4th Circuit CoA Examines Faragher-Ellerth Defense
In Dulaney v. Packaging Corp. of America, Carla Dulaney started working for PCA in 2006 on as assembly line position. The “lead production worker” was Bobby Mills, who had a number of supervisory powers. In November 2006, Mills effectively promoted Dulaney from a probationary to permanent position. The next month, he began repeatedly demanding quid pro quo sexual favors. At first Dulaney refused, but later did engage in sexual activity with Mills. Mills would yell at her when she refused him and on occasion would send her home without pay. When Dulaney reported this to management she was laughed at and told she was replaceable. Mills continued to face sexual harassment from Mills and rumors were spread by co-workers. In September 2007, Dulaney and a co-worker complained about Mills’ conduct, which led to his dismissal. Dulaney’s relationship with her co-workers and supervisor deteriorated after this point. Finally, she spoke with HR about wanting to find another job and HR gave her a severance agreement three days later. When Dulaney did not sign the agreement on the spot, she was escorted out of the building and had her keys taken. After consulting with an attorney, she did not sign the agreement. Later, she was sent a letter by HR stating she could return to work, but in her unemployment hearing she was still listed as terminated. Dulaney sued PCA and Mills for gender discrimination and sexual harassment under Title VII and state law. The district court granted summary judgment for PCA, somewhat confusingly based on the Faragher-Ellerth defense. The Fourth Circuit unanimously reversed.

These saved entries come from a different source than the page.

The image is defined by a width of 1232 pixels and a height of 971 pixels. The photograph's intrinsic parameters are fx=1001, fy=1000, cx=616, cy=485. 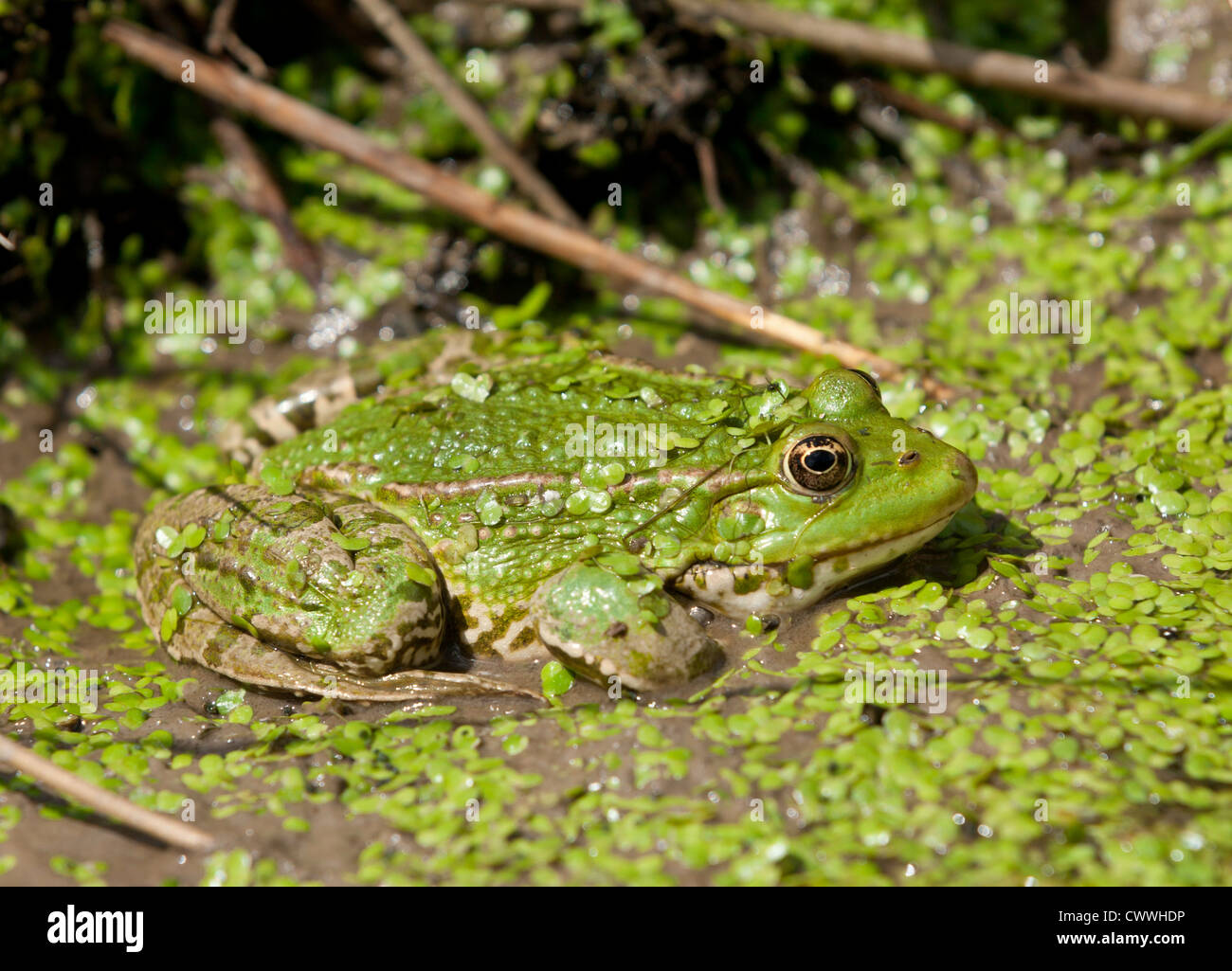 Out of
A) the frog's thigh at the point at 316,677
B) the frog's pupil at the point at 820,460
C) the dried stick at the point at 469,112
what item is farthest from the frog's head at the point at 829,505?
the dried stick at the point at 469,112

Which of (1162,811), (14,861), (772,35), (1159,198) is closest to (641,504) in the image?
(1162,811)

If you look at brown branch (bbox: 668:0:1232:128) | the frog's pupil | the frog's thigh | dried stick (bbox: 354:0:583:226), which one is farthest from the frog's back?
brown branch (bbox: 668:0:1232:128)

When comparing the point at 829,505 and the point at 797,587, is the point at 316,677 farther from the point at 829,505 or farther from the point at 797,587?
the point at 829,505

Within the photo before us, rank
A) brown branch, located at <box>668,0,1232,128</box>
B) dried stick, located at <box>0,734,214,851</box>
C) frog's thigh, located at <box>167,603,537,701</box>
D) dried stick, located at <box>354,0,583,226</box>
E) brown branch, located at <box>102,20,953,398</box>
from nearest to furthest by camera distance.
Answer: dried stick, located at <box>0,734,214,851</box>, frog's thigh, located at <box>167,603,537,701</box>, brown branch, located at <box>102,20,953,398</box>, dried stick, located at <box>354,0,583,226</box>, brown branch, located at <box>668,0,1232,128</box>

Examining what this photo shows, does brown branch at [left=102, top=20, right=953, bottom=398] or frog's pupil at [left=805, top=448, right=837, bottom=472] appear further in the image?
brown branch at [left=102, top=20, right=953, bottom=398]

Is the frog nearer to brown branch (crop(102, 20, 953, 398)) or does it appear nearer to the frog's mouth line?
the frog's mouth line

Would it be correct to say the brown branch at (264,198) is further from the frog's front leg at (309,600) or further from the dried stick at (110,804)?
the dried stick at (110,804) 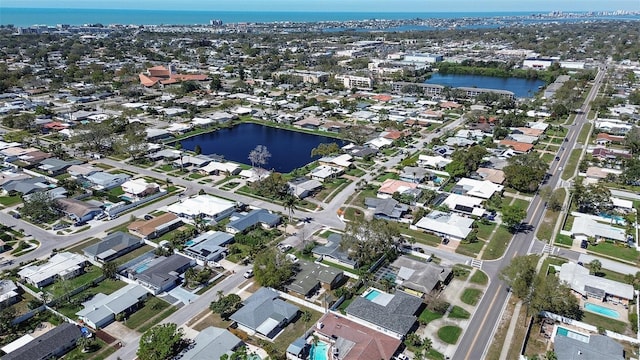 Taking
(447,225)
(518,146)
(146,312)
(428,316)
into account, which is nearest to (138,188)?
(146,312)

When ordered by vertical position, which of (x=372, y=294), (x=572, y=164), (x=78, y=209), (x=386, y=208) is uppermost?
(x=78, y=209)

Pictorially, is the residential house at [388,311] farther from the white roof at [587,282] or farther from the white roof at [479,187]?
the white roof at [479,187]

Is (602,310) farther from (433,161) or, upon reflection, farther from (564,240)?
(433,161)

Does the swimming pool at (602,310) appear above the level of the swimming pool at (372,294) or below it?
below

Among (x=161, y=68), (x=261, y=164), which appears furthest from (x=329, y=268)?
(x=161, y=68)

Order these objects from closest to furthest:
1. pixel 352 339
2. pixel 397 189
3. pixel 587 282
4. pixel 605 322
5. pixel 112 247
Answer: pixel 352 339 < pixel 605 322 < pixel 587 282 < pixel 112 247 < pixel 397 189

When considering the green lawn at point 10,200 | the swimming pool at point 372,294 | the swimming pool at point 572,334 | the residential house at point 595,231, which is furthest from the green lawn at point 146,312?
the residential house at point 595,231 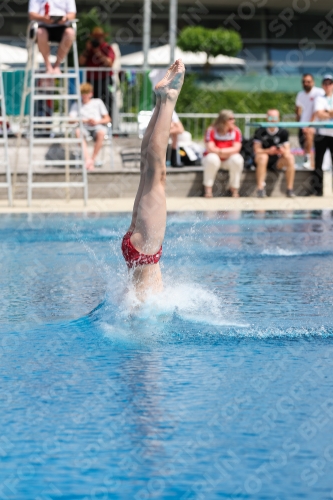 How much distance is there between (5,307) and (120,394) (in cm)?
204

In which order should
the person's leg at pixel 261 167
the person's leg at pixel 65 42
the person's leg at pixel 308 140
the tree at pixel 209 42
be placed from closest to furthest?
the person's leg at pixel 65 42, the person's leg at pixel 261 167, the person's leg at pixel 308 140, the tree at pixel 209 42

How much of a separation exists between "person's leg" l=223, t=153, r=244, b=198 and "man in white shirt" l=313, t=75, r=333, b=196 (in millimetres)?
1325

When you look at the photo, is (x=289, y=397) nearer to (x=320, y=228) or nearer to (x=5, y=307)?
(x=5, y=307)

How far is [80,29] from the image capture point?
93.1 ft

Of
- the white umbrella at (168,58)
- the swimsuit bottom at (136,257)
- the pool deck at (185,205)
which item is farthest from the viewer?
the white umbrella at (168,58)

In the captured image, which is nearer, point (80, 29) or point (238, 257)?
point (238, 257)

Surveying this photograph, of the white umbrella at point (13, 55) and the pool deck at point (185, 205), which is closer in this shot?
the pool deck at point (185, 205)

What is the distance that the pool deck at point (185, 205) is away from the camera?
11.7 meters

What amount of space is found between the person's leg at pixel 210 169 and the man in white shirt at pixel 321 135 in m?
1.62

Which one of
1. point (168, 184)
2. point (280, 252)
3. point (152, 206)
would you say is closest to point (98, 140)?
point (168, 184)

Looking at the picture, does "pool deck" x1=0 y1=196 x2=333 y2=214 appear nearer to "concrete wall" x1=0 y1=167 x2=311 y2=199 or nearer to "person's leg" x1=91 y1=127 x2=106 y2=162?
"concrete wall" x1=0 y1=167 x2=311 y2=199

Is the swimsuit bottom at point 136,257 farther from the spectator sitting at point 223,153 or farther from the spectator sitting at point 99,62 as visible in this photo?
the spectator sitting at point 99,62

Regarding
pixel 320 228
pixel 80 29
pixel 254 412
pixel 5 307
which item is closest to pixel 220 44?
pixel 80 29

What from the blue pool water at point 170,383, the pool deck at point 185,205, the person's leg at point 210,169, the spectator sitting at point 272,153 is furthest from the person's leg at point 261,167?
the blue pool water at point 170,383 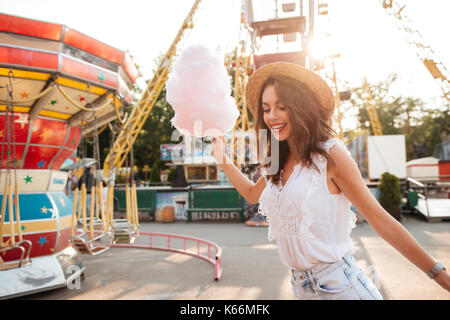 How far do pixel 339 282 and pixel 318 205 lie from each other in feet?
1.02

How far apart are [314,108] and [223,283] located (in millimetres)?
4070

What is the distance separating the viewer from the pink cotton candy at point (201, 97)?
1.71m

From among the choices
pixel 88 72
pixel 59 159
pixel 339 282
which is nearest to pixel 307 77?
A: pixel 339 282

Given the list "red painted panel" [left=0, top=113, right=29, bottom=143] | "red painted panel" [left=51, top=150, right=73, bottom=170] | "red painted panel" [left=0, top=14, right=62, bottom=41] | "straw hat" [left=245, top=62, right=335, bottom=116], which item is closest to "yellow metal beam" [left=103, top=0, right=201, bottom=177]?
"red painted panel" [left=51, top=150, right=73, bottom=170]

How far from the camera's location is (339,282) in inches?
48.8

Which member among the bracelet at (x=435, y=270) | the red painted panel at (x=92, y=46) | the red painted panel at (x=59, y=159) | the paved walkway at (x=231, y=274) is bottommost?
the paved walkway at (x=231, y=274)

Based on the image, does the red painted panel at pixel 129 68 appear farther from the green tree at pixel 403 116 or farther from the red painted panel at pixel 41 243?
the green tree at pixel 403 116

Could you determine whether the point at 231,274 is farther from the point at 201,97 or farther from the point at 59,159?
the point at 201,97

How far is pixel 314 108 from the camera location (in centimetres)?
140

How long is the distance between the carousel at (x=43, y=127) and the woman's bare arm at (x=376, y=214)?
3.53m

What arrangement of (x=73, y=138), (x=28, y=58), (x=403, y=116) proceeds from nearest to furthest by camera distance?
(x=28, y=58) < (x=73, y=138) < (x=403, y=116)

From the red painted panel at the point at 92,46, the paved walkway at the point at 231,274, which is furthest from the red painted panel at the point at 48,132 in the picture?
the paved walkway at the point at 231,274

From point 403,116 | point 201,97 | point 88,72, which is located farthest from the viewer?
point 403,116

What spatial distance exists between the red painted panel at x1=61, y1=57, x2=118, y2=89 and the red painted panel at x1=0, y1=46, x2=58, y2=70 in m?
0.13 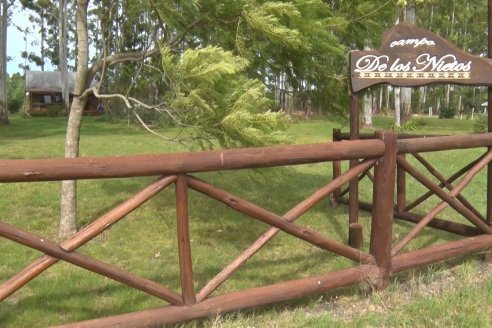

The primary issue for the Court was whether the company took a tangible employment action, which would preclude use of the Faragher-Ellerth defense. The district court reasoned that Dulaney was not fired because she was only given a severance agreement. However, the agreement could be read to terminate Dulaney, she was escorted off premises when she refused to sign it, and her pay was stopped. Drawing inferences in her favor, the Court found this constitutes a termination. The second issue is that there must be “some nexus between the harassment and the tangible employment action for the latter to be actionable.” Here, the supervisor’s treatment of Dulaney as she sought to report Mills’s sexual harassment and his subsequent involvement in her termination suggested a nexus between Mills’s harassment and her termination. It was at least enough for a jury to decide the issue.